VOD may be the better alternative for consumer and studio alike. For consumers, the below-$5 price point is affordable, and how many movies are worth owning anyway? For studios, a VOD transaction is a license, affording them more control like theatrical distribution. But there are alternatives: Sony and Microsoft are talking about putting your movies in a cloud, just like Jell-O did with pudding, so that consumers can watch their movies on any of their multiple platforms. That pits them against Apple and its proprietary system, which manages 75% of the VOD market and 95% of download-to-own transactions.

But there's a catch: Although there is some lack of clarity among studios, VOD generally is treated as television distribution in profit definitions and for guild residual purposes, meaning that 100%, not 20%, of studio revenue is included in gross revenue for those purposes. As consumers migrate to in-home transactions like VOD, the financial implications are more complex than merely replacing one purchase transaction with another.

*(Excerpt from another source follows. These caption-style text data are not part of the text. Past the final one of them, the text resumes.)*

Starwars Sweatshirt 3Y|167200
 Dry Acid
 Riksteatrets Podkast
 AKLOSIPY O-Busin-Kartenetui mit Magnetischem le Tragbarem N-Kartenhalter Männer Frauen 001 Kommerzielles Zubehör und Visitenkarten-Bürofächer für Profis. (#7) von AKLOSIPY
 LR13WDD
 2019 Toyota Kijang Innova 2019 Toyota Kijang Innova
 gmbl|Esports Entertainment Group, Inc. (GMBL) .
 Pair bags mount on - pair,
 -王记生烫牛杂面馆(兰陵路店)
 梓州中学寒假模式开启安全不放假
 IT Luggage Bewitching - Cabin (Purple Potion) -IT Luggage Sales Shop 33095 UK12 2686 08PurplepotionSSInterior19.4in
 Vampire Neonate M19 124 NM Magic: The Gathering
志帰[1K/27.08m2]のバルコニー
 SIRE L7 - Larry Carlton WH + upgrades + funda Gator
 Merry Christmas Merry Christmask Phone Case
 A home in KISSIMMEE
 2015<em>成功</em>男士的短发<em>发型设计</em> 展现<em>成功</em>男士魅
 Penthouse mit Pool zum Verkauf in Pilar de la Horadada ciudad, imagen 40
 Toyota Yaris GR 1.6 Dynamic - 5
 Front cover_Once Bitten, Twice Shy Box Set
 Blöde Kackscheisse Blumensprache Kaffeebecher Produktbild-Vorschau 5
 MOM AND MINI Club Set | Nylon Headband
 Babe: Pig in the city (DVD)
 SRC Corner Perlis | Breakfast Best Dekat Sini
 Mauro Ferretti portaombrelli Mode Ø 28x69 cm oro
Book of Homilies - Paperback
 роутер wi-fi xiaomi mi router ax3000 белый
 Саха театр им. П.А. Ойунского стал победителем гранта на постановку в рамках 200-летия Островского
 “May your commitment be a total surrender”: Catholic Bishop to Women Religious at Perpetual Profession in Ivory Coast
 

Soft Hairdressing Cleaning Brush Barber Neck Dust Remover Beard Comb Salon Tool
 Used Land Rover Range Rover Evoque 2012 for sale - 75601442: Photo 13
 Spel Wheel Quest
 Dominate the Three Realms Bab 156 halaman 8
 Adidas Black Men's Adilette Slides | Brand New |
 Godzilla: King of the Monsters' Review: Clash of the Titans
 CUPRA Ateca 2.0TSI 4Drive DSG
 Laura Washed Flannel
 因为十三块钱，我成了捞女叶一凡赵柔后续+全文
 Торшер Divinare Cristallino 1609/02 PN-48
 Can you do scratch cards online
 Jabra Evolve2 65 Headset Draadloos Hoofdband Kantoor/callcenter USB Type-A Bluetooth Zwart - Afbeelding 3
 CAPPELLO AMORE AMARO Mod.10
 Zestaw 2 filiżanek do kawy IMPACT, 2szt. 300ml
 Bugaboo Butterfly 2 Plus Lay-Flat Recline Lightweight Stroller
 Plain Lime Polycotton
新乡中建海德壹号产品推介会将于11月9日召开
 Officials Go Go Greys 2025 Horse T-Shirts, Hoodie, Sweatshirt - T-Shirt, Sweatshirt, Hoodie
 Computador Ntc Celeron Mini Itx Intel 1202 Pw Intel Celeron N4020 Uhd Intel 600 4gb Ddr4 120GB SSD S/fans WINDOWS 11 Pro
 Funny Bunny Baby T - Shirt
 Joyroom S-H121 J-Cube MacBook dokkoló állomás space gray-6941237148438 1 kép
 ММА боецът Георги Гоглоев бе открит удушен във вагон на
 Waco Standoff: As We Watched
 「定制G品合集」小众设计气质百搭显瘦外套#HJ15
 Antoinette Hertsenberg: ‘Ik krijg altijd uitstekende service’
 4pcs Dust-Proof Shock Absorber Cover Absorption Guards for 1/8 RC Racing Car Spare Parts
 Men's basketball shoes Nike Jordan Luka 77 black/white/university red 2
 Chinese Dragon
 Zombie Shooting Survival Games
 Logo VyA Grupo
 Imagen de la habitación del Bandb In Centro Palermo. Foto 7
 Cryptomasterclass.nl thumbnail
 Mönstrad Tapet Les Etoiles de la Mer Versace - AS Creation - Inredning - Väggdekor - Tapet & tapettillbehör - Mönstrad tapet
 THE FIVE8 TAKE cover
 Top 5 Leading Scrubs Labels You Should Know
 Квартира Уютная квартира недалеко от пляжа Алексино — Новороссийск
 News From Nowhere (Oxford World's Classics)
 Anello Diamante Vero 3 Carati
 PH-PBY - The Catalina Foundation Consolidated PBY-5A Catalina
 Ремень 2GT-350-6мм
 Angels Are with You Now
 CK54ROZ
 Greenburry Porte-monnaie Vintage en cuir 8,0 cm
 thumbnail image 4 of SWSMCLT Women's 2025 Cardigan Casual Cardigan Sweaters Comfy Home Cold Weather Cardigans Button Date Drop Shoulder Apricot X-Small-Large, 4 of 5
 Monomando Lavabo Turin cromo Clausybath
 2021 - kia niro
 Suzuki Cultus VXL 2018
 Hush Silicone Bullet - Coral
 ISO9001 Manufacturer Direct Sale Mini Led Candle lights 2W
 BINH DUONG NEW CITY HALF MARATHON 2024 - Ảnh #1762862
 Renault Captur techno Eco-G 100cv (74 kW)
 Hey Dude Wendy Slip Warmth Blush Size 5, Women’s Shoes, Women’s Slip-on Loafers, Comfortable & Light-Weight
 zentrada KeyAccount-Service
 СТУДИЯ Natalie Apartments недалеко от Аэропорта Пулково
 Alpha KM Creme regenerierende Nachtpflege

Fox and Universal recently joined Warner Bros. in signing a deal with Netflix that allows for a 28-day delay on new releases in exchange for better purchase terms. Netflix also will buy more movies to allow for more availability of streaming. But then, streaming generally is treated as a television exhibition, so now studios are back to sharing more of the proceeds. See, it's complicated and a lot messier than a house in a Nancy Meyers movie.

The issues facing the motion picture business and the economic system surrounding it are enormous and complex because nothing about the pictures is ever small. Unfortunately, planning for the future often is orphaned when the next big hit or new technology comes along. Without a comprehensive plan, though, the business is in danger of its dreams of a brilliant future being already behind it, and as Nick Carraway would note, studio executives -- so slavishly devoted to the green light -- will be thinking they are moving forward as they are borne back ceaselessly into the past.

Jeffrey Korchek, vp legal and business affairs at Mattel, worked at Universal as executive vp business and legal affairs. He is an adjunct professor at the USC School of Cinematic Arts.